F: Gibt es noch andere Gründe, warum Sie Somalia haben?
A: Nein.
Es wird rückübersetzt. Ast wird aufgefordert genau aufzupassen und sofort bekannt zu geben, wenn etwas nicht korrekt sein sollte bzw. er noch etwas zu ergänzen hat.
Nach erfolgter Rückübersetzung gebe ich an, dass alles richtig und vollständig ist und alles richtig wiedergegeben wurde.
F: Was würde Sie konkret erwarten, wenn Sie jetzt in Ihren Herkunftsstaat oder Heimatstaat zurückkehren müssten?
A: Ich gehöre einer Minderheit, es kann sein, dass ich etwas Schlimmes erlebe.
F: Wie bezahlten Sie die Reise von Somalia bis Österreich und wo und wann mussten Sie an die Schlepper welchen Betrag bezahlen?
A: Meine Tante bezahlte in den Ländern an unterschiedliche Schlepper, was sie jeweils dort verlangten und sie schickte das Geld an die Schlepper.
F: Warum stellten Sie nicht bereits nach der Einreise in Griechenland einen Asylantrag?
A: ich hatte nicht die Möglichkeit, der Schlepper hat mich in ein Haus gebracht und ich wurde von den Schleppern bis Österreich gebracht. Nachgefragt ich wollte in ein sicheres Land, der Autofahrer sagte mir, dass ich sicher sei hier in einem Teil von Deutschland, und so suchte ich um Asyl an, das war aber in Österreich.
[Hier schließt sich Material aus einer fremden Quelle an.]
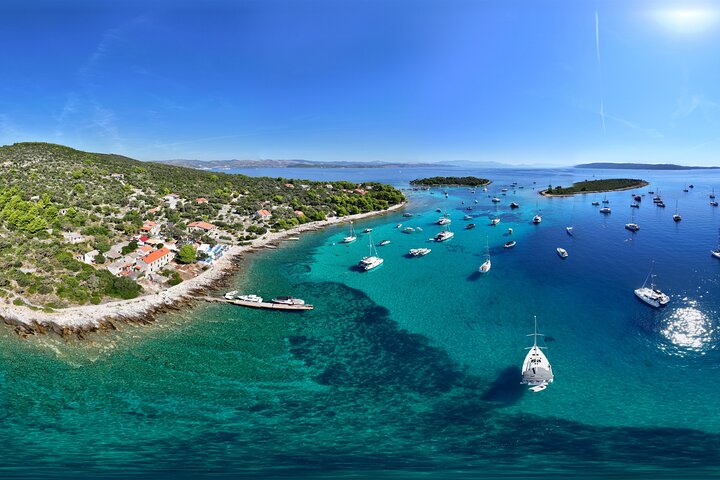 Split/Kaštela/Trogir: Blue Lagoon 3 Islands Tour with drinks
F: Haben Sie bis zur Ausreise zuhause alleine für Ihren Lebensunterhalt sorgen können?
A: Ja. Ich hatte keine Probleme, ich konnte gut leben.
F: Schildern Sie die Diskriminierungen und Beleidigungen, die Sie erfahren haben, genauer mit einem Wortlaut, der nachvollziehbar ist?
A: Sie haben mir gesagt, dass ich ein Tumaal bin und dass ich nichts wert bin. Nachgefragt sonst haben Sie nichts gesagt. Sie haben mich nur als wertlos beschimpft, nachgefragt es waren die Hawiye. Nachgefragt es gab noch 2 weitere Tumaal- Familien, die auch diskriminiert und beschimpft wurden, die Tumaal werden überall in Somalia diskriminiert und beschimpft.
F: Sie haben Ihren Fluchtgrund bisher nur allgemein, oberflächlich, vage und für den Referenten keinesfalls glaubwürdig und nachvollziehbar erklärt. Schildern Sie den Vorfall, als Sie und Ihr Bruder überfallen wurden, detailliert und chronologisch, nennen Sie die genaue Zeit und Örtlichkeit, die Situation, die Anzahl der anwesenden Leute, der Zeugen, der Angreifer, deren Bewaffnung und einen Handlungsablauf, der schlüssig und nachvollziehbar ist?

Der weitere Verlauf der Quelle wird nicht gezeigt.